• [Problem description]:
Using the records that follow, reproduce exactly the lines starting at the line containing "Maison Chic Lit" and ending at the line containing "Chase & Chloe". Include both end lines and no pictures.

• [Data for this exercise]:
===

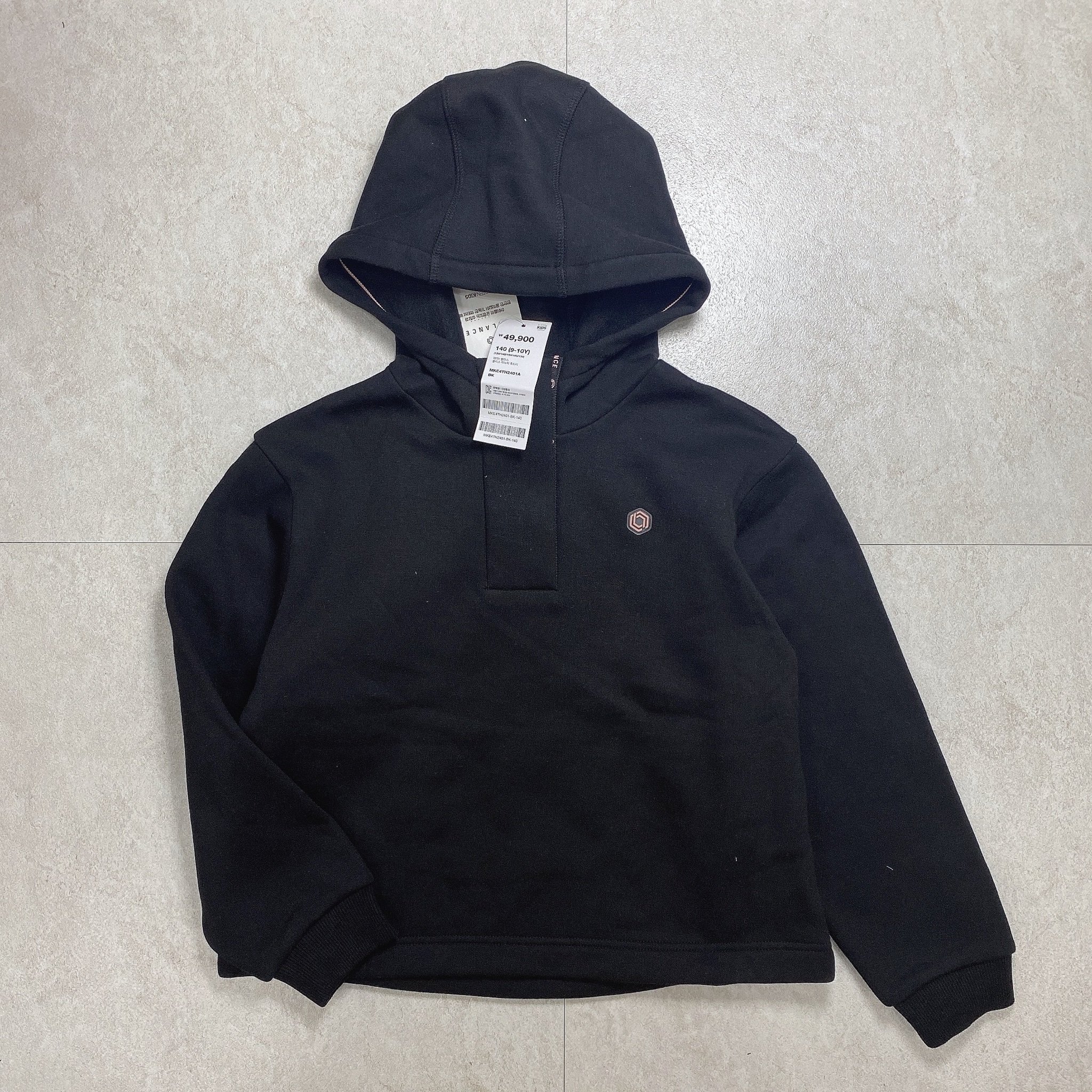 Áo nỉ hoodie Topten kéo khóa cổ 2 màu ghi / đen Bé Gái size 130 - 170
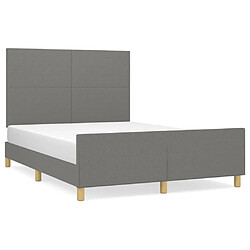 Maison Chic Lit adulte - Cadre Structure de lit avec tête de lit Contemporain Gris foncé 140x190 cm Tissu -MN14396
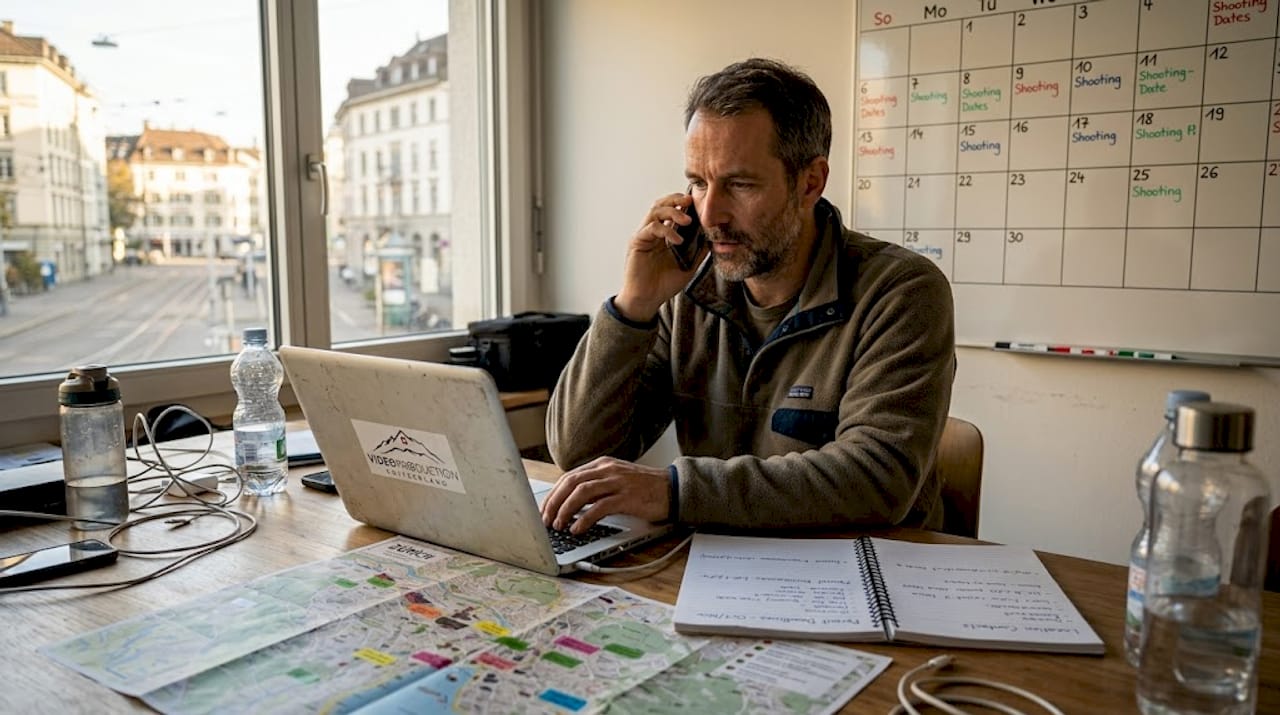 Swiss fixer multitasking at production office table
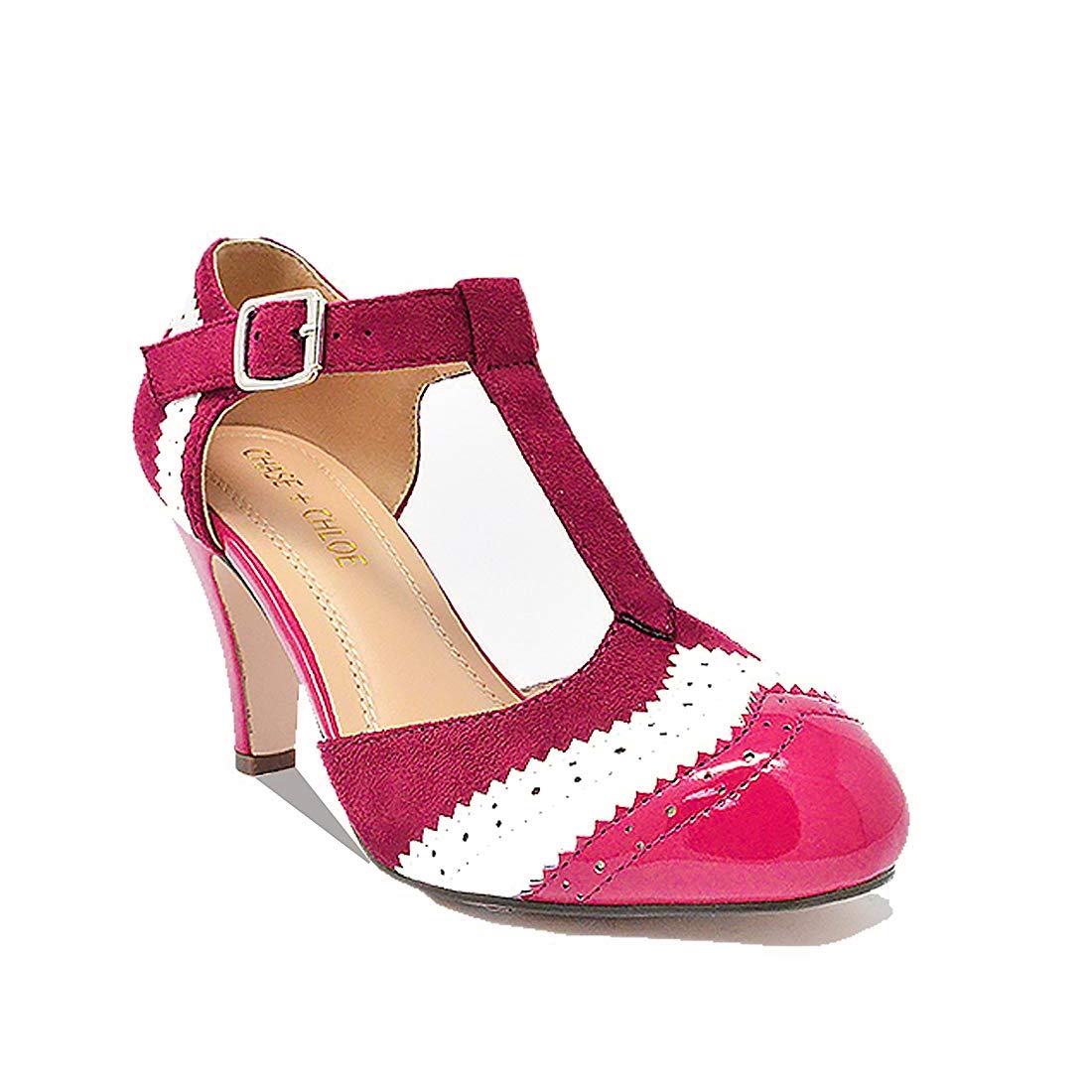 Chase & Chloe Kimmy-66 Closed Toe T-Strap Two Tone Oxford Pumps (11 M US, Fuchsia/White)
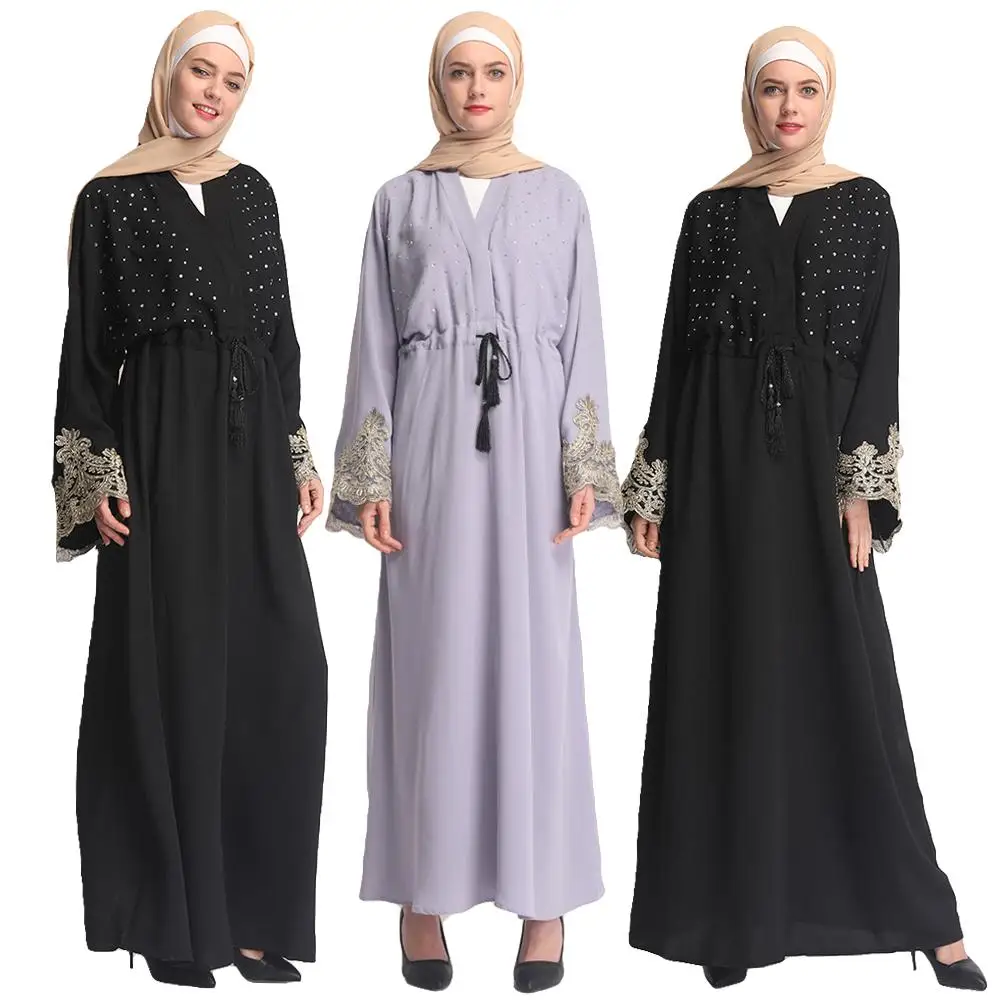 Женские мусульманские Длинные платья Abaya длинное платье с блестками и кружевом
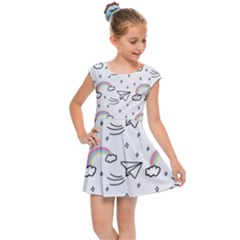 Cute Art Print Pattern Kids  Cap Sleeve Dress by Vaneshart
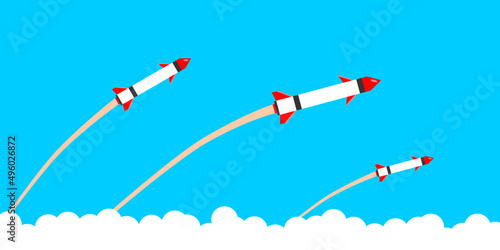 Missile rocket warhead launch frying air strikes in war with blue background icon flat vector design.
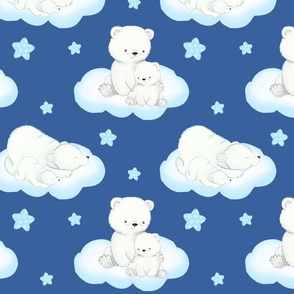 Arctic Polar Bear Clouds Stars Blue Baby Nursery 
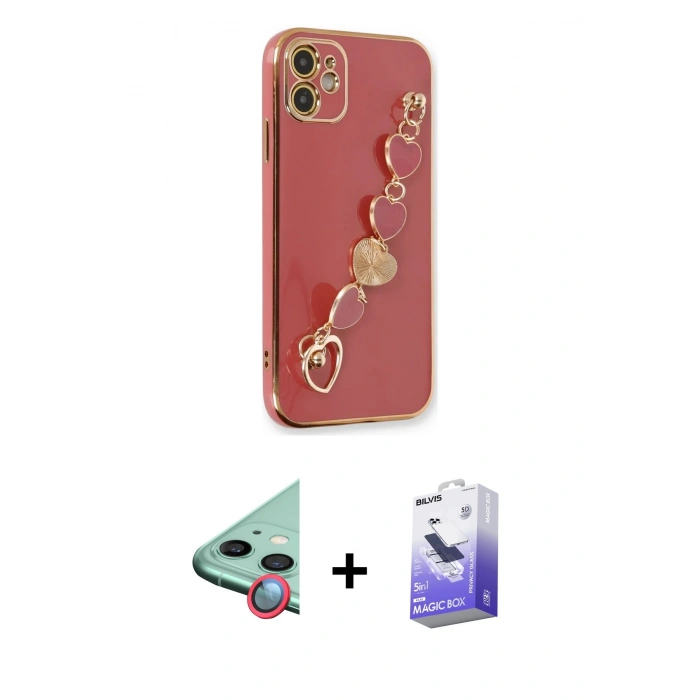 MARSİLYAN™- iPhone 12 Kılıf Nova Işık Prime - Siyah Bilvis 5in1 5D Magic Hayalet Cam Ekran Koruyucu + Raze Metal Kamera Lens - KI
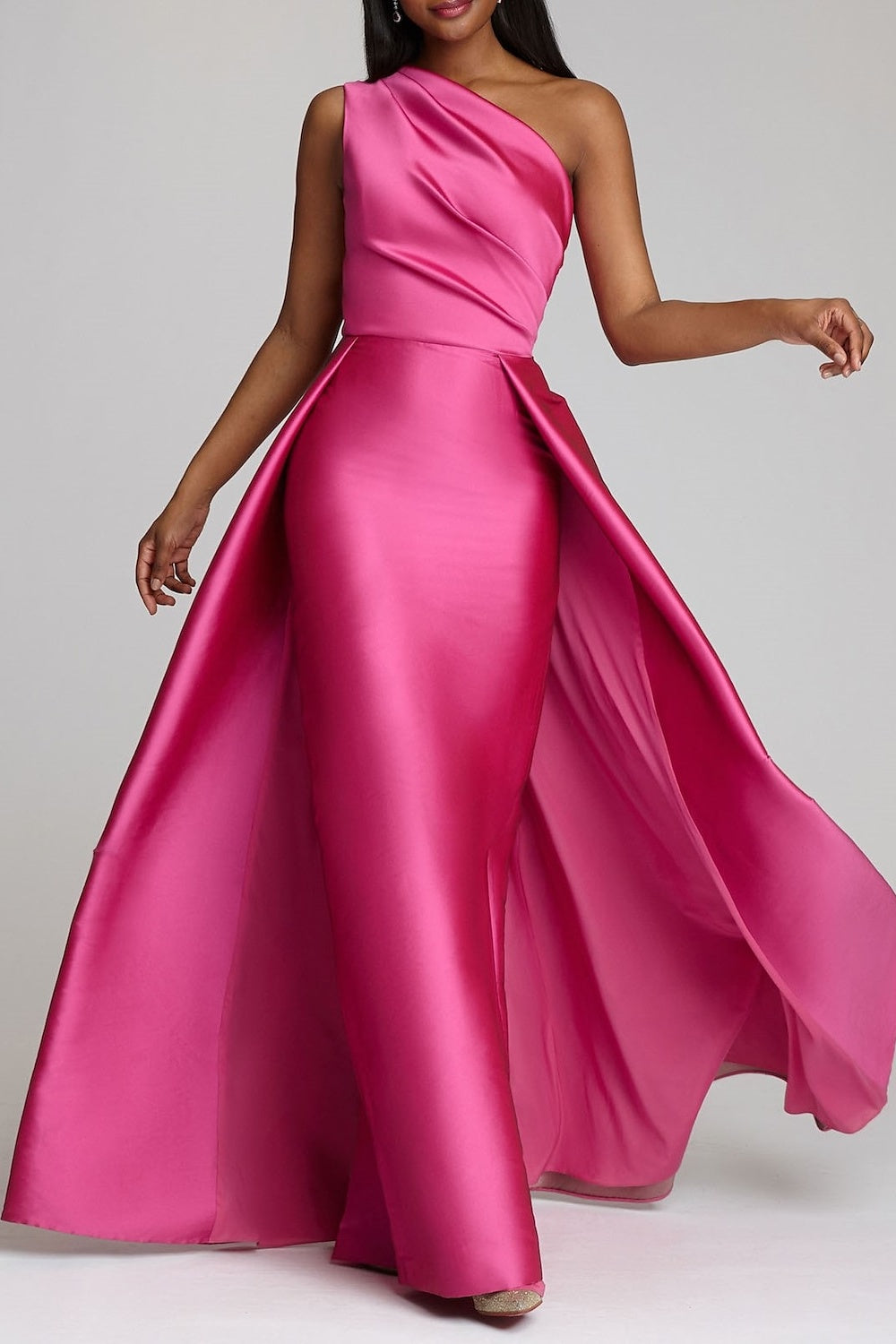 One Shoulder Bridesmaid Dress Fuchsia Wedding Guest Dress with Panel Train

===

• [Solution to this task]:
 Maison Chic Lit adulte - Cadre Structure de lit avec tête de lit Contemporain Gris foncé 140x190 cm Tissu -MN14396
 Swiss fixer multitasking at production office table
 Chase & Chloe Kimmy-66 Closed Toe T-Strap Two Tone Oxford Pumps (11 M US, Fuchsia/White)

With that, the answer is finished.